Image-caption web data
__________________________________________________
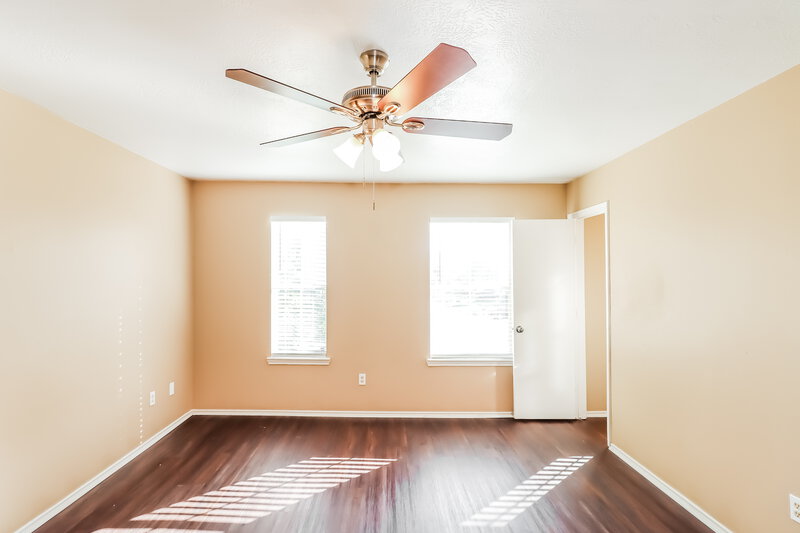 1,975/Mo, 407 Willow West Dr Houston, TX 77073 Main Bedroom View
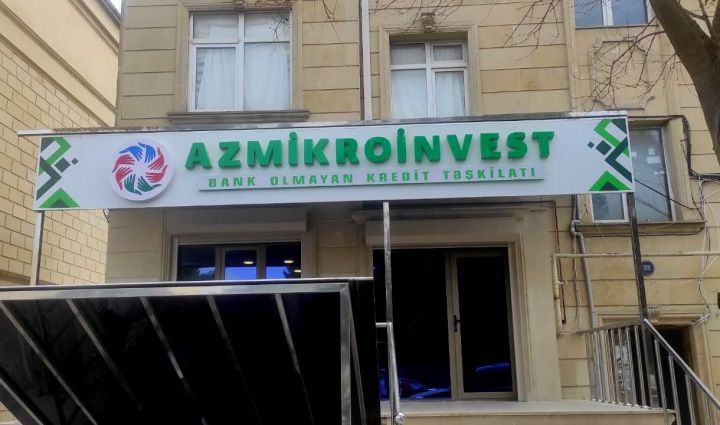 “Azmikroinvest”in gəlirləri və xalis mənfəəti artıb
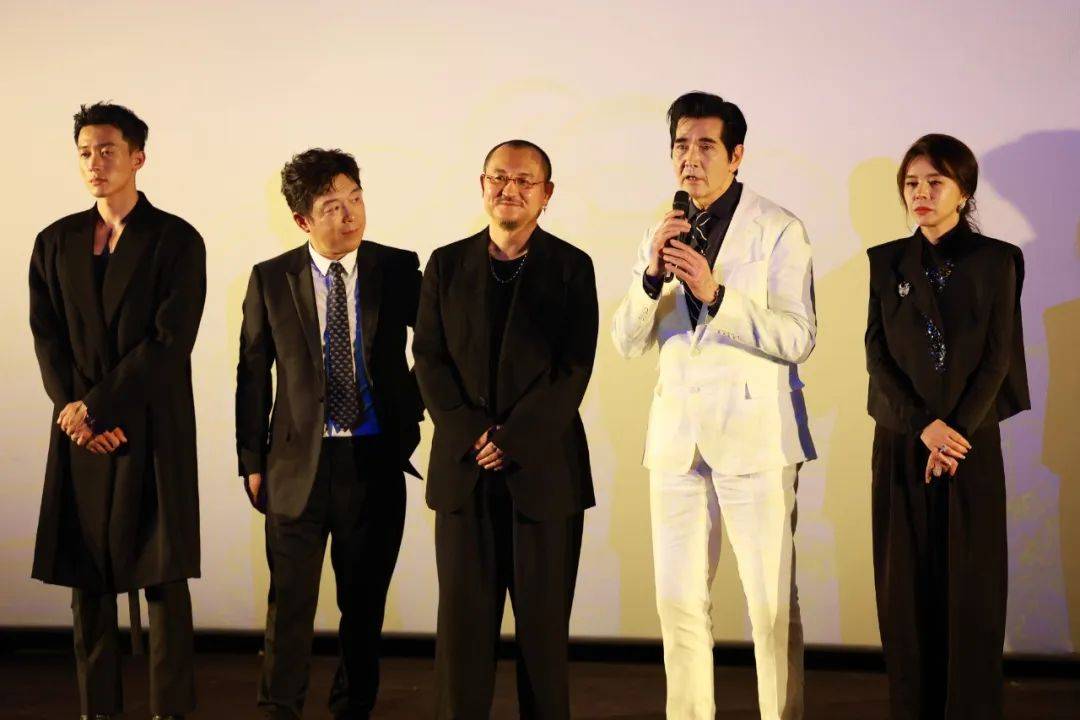 同样让记者们惊喜不断,乌尔善,黄渤,费翔,侯雯元,刘江江,后期编导张蠡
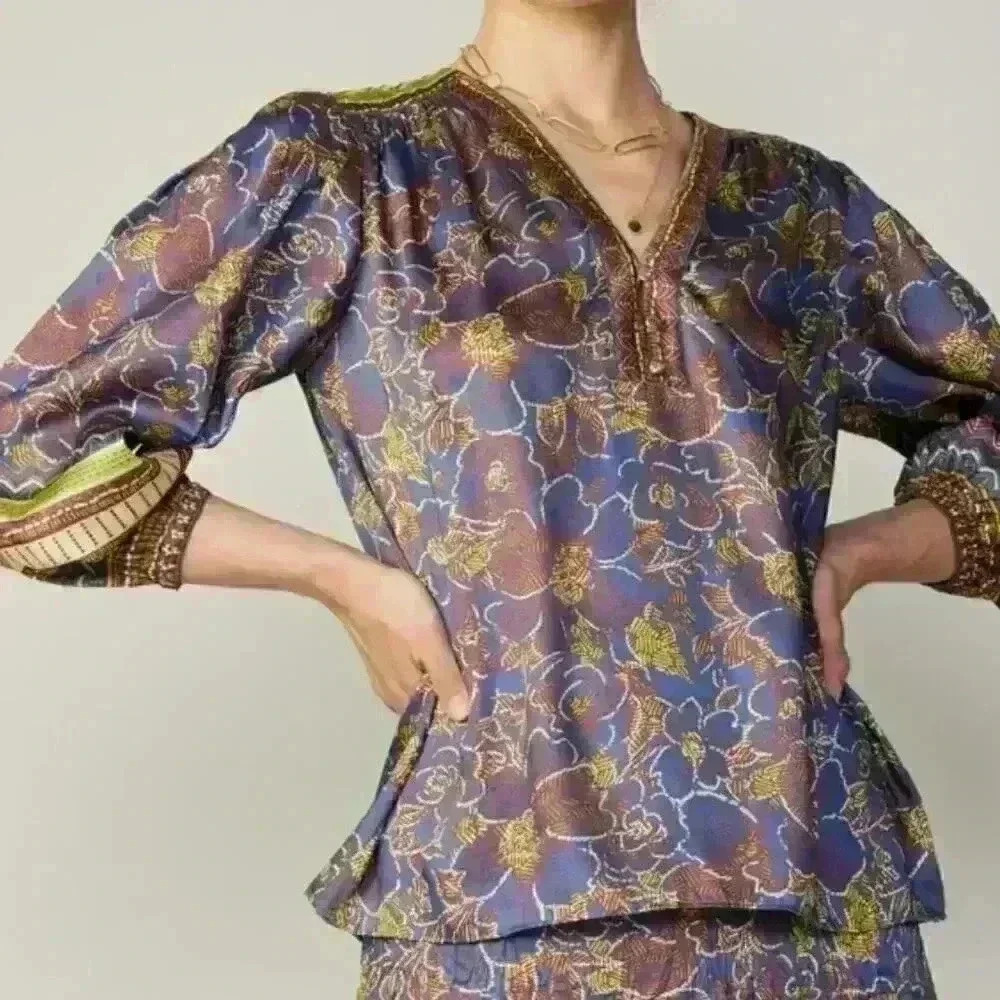 Current Air Los Angeles Floral Bordr Print Blouse Size Large - Picture 13 of 13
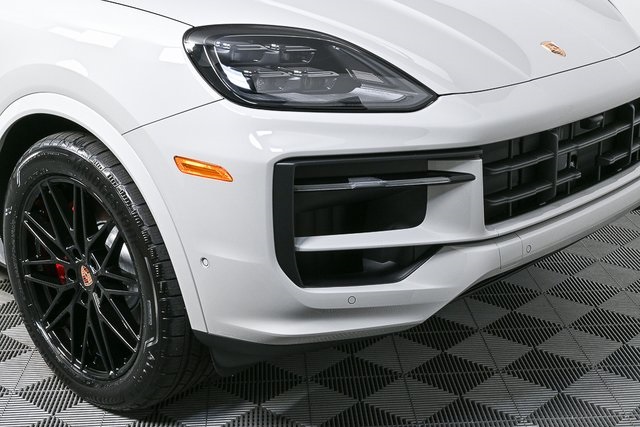 2026 Porsche Cayenne E-Hybrid Coupe S photo 32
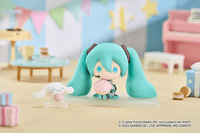Collectible Figure Hatsune Miku x Cinnamoroll 5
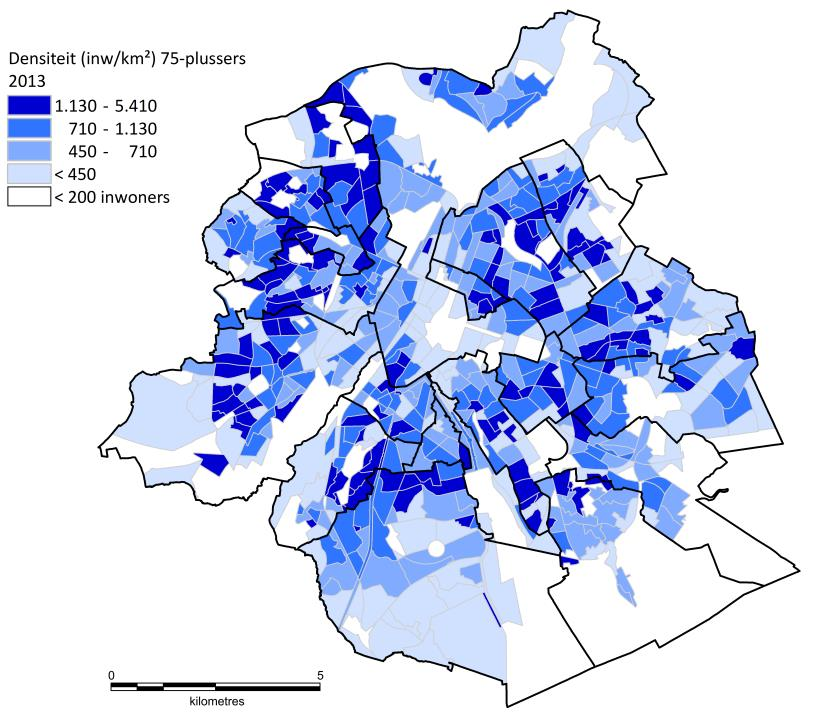 Kaart 3 tot slot geeft de densiteit weer van de 75-plussers per statistische sector (in inwoners/km²). Dit geeft een beeld van de werkelijke spreiding van de ouderen.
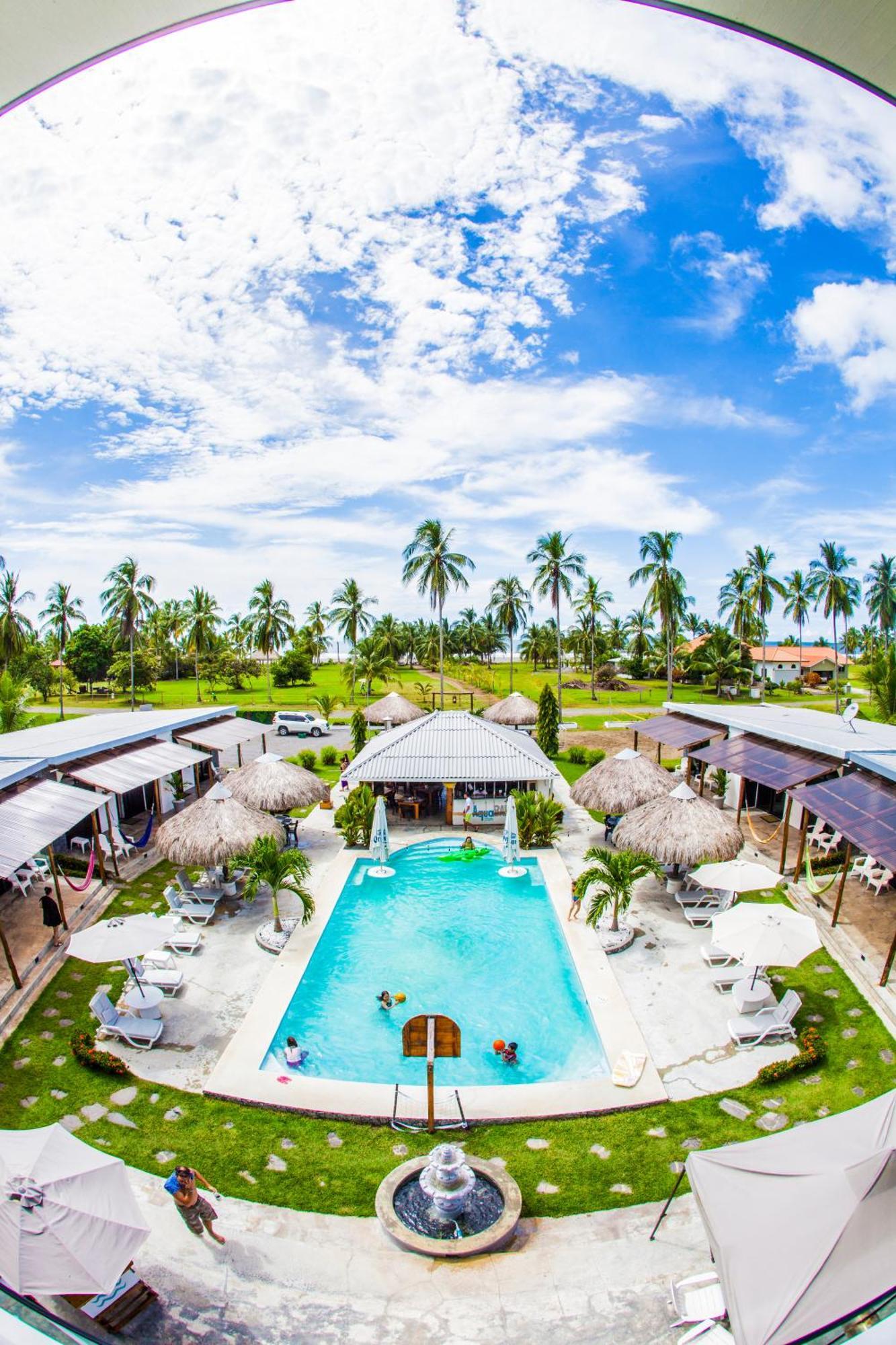 Show Pony Beach Resort And Suites Las Lajas  Exteriér fotografie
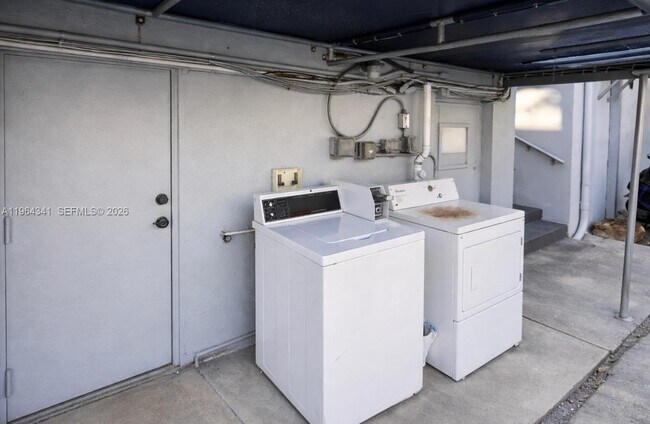 Building Photo - 5305 Biscayne Blvd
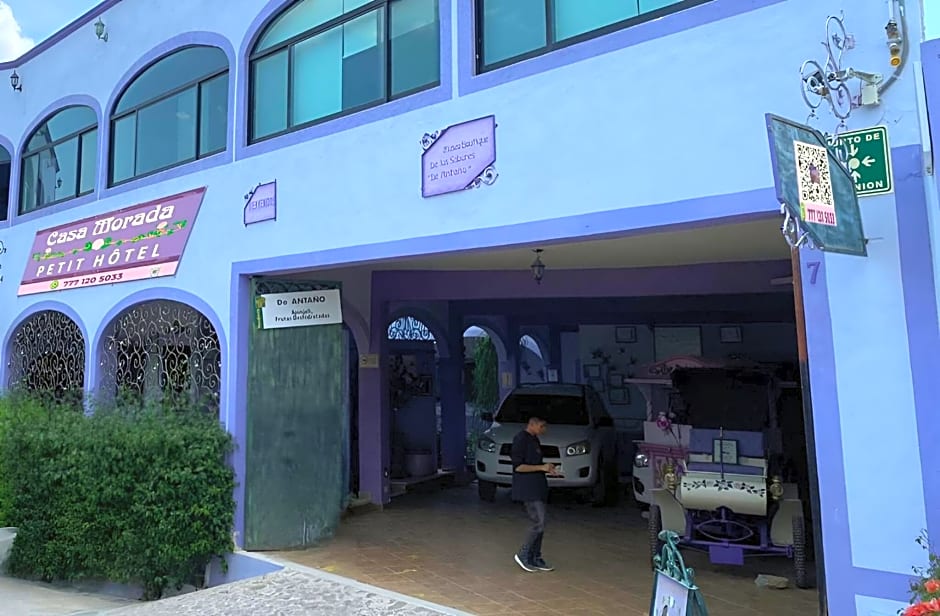 Casa Morada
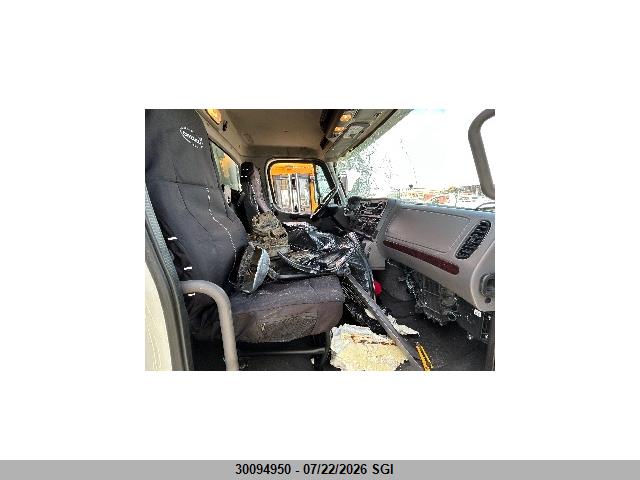 2016 FREIGHTLINER M2 106 MEDIUM DUTY thumbnail 6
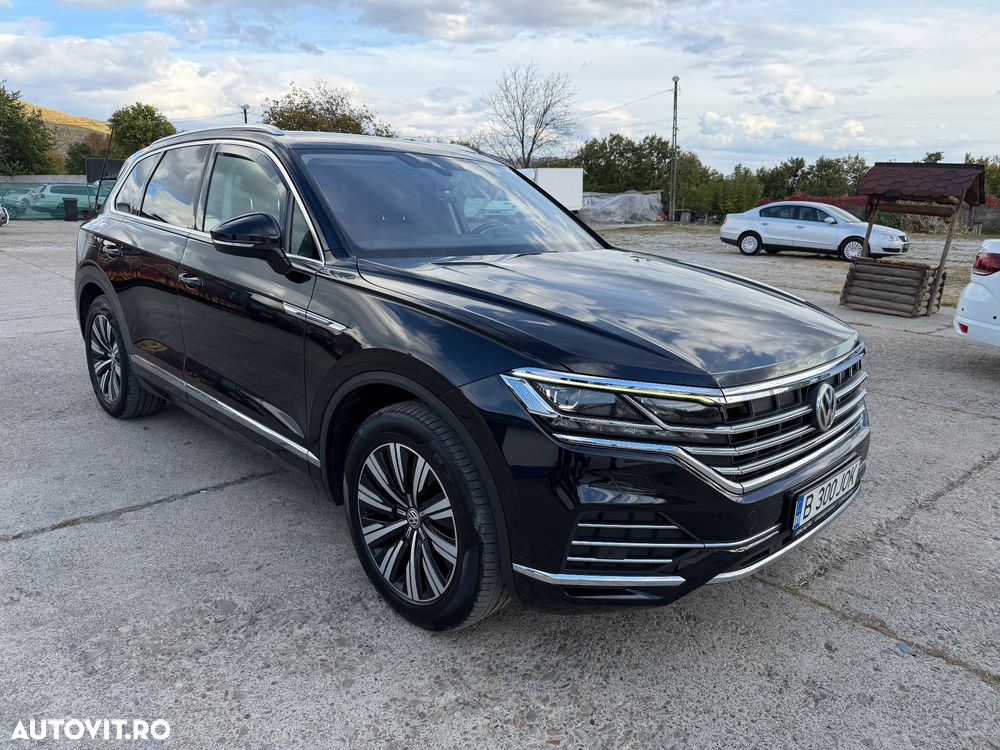 Volkswagen Touareg - 2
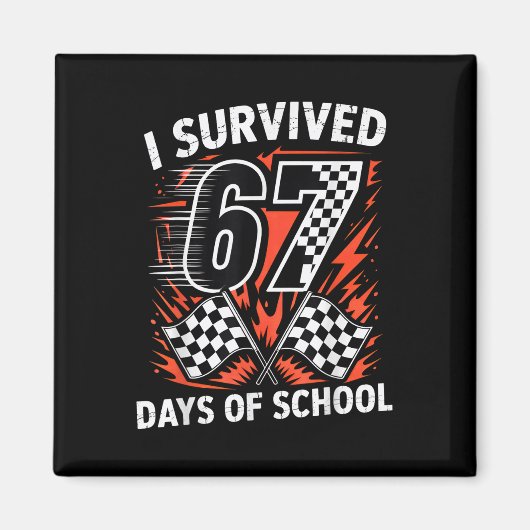学校を67日間乗り切った 六七おもしろTシャツ レーシング マグネット (正面)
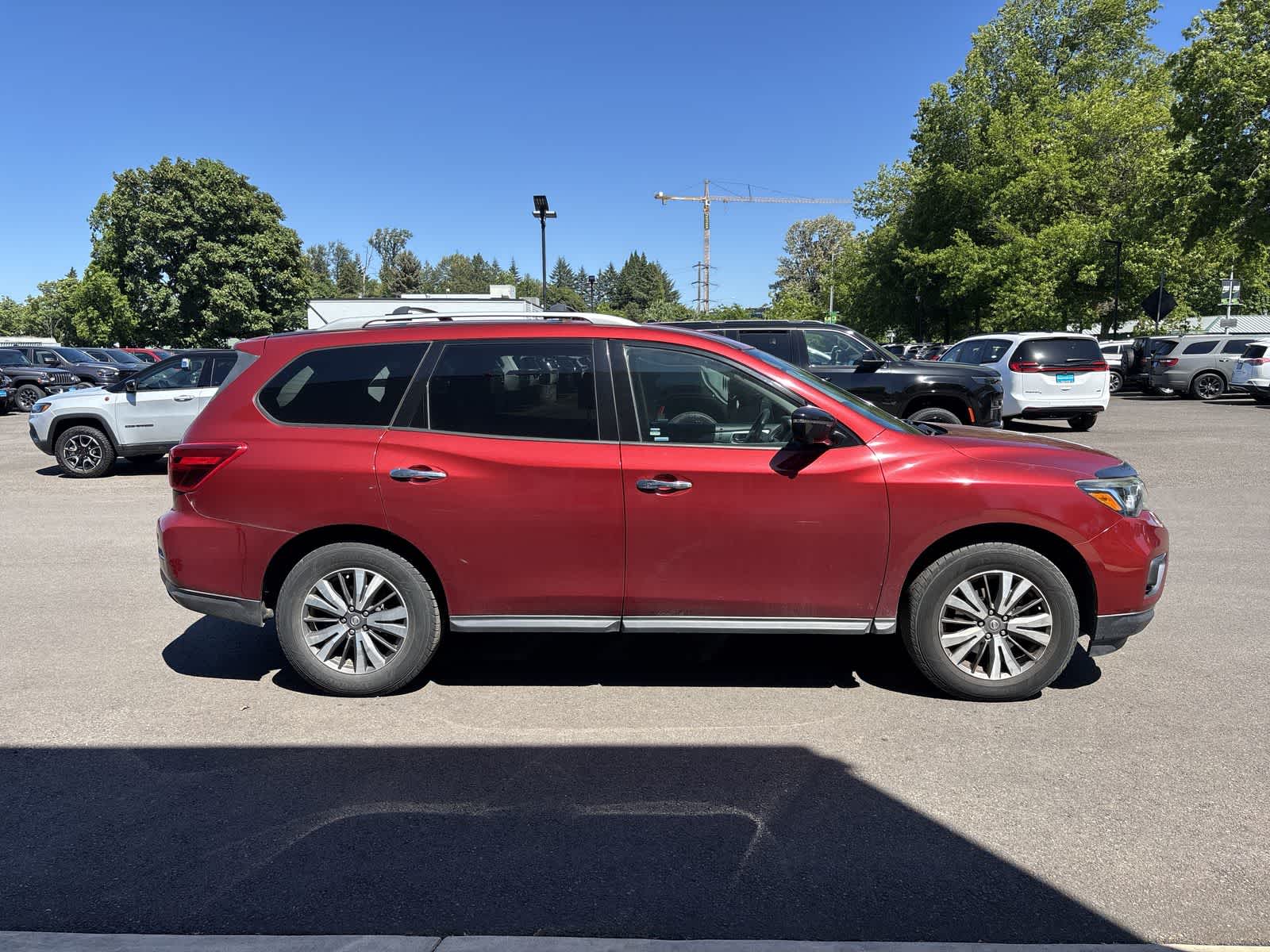Thumbnail: 2017 Nissan Pathfinder - 3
__________________________________________________
• _Work item_
The records above must be repeated exactly, minus their pictures.

• _Your response_
 1,975/Mo, 407 Willow West Dr Houston, TX 77073 Main Bedroom View
 “Azmikroinvest”in gəlirləri və xalis mənfəəti artıb
 同样让记者们惊喜不断,乌尔善,黄渤,费翔,侯雯元,刘江江,后期编导张蠡
 Current Air Los Angeles Floral Bordr Print Blouse Size Large - Picture 13 of 13
 2026 Porsche Cayenne E-Hybrid Coupe S photo 32
Collectible Figure Hatsune Miku x Cinnamoroll 5
 Kaart 3 tot slot geeft de densiteit weer van de 75-plussers per statistische sector (in inwoners/km²). Dit geeft een beeld van de werkelijke spreiding van de ouderen.
 Show Pony Beach Resort And Suites Las Lajas  Exteriér fotografie
 Building Photo - 5305 Biscayne Blvd
 Casa Morada
 2016 FREIGHTLINER M2 106 MEDIUM DUTY thumbnail 6
 Volkswagen Touareg - 2
学校を67日間乗り切った 六七おもしろTシャツ レーシング マグネット (正面)
Thumbnail: 2017 Nissan Pathfinder - 3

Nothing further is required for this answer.